In this article, we will look into some approaches that we can take to generate PDFs from HTML using C#.

Why using HTML for PDF conversion

i. Open and Mature Technology: HTML is an open standard, ensuring that the tools and technologies developed around it are widely available and well-understood. Its maturity signifies that most challenges and peculiarities have been thoroughly documented, making troubleshooting easier.

ii. Cost-effective: A wide range of tools, libraries, and APIs (both free and paid) are available to convert HTML to PDF. This diminishes the need for specialized PDF creation software.

iii. Embed Multimedia: HTML facilitates embedding multimedia elements like images, videos, and audios. Although not all these elements can be directly converted to PDF, using HTML as a source offers opportunities to create documents enriched with multimedia.

iv. Styling with CSS: Cascading Style Sheets (CSS) offer robust styling capabilities for HTML content. This enables effective branding, theming, and visual consistency, which are then mirrored in the resultant PDF.

v. Easy to Learn and Use: Learning the basics of HTML is straightforward, making it accessible for many users to generate content.

In summary, converting HTML to PDF combines the best aspects of both formats: the flexibility, accessibility, and interactivity of HTML with the portability and standardization of PDFs.
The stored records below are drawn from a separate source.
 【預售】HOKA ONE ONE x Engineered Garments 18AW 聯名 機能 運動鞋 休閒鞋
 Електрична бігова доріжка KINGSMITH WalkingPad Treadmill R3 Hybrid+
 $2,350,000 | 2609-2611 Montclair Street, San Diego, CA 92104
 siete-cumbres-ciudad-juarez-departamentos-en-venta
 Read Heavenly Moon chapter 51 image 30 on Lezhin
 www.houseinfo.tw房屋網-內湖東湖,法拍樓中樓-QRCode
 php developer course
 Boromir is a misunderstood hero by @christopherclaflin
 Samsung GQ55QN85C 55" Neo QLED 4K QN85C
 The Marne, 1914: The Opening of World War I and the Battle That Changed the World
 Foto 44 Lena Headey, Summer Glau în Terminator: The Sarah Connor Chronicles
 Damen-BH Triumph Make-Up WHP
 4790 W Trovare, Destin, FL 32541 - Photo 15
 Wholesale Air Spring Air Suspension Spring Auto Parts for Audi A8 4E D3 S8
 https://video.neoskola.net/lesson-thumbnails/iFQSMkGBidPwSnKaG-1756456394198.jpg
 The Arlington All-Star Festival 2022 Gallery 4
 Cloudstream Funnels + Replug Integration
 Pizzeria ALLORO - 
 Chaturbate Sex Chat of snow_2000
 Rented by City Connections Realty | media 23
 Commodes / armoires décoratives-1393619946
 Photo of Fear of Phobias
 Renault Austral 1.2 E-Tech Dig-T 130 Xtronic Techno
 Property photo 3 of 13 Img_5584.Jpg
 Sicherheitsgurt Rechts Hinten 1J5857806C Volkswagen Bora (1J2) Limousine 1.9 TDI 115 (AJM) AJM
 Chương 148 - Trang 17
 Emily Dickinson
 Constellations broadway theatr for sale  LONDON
Converting HTML to PDF using C# Libraries

PuppeteerSharp

PuppeteerSharp is a .NET port of Puppeteer that provides a high-level API to control headless browsers. PuppeteerSharp is used to scrape web content, automate testing, generate PDFs, or take screenshots of websites. With PuppeteerSharp, you can easily convert HTML to PDF or website to PDF.

Generate PDF from a website URL

using System.Threading.Tasks;
using PuppeteerSharp;

class Program
{
    public static async Task Main()
    {
        await new BrowserFetcher().DownloadAsync();
        using var browser = await Puppeteer.LaunchAsync(new LaunchOptions { Headless = true });
        var page = await browser.NewPageAsync();
        await page.GoToAsync("http://www.google.com");
        await page.PdfAsync("website.pdf");
    }
}

In the above code, we are doing the following:

  • The BrowserFetcher downloads the required version of Chromium.
  • Puppeteer.LaunchAsync starts a headless browser instance where we pass our website URL.
  • NewPageAsync creates a new tab.
  • We use GoToAsync to navigate to our website URL.
  • Finally, PdfAsync generates the PDF from the website’s current state.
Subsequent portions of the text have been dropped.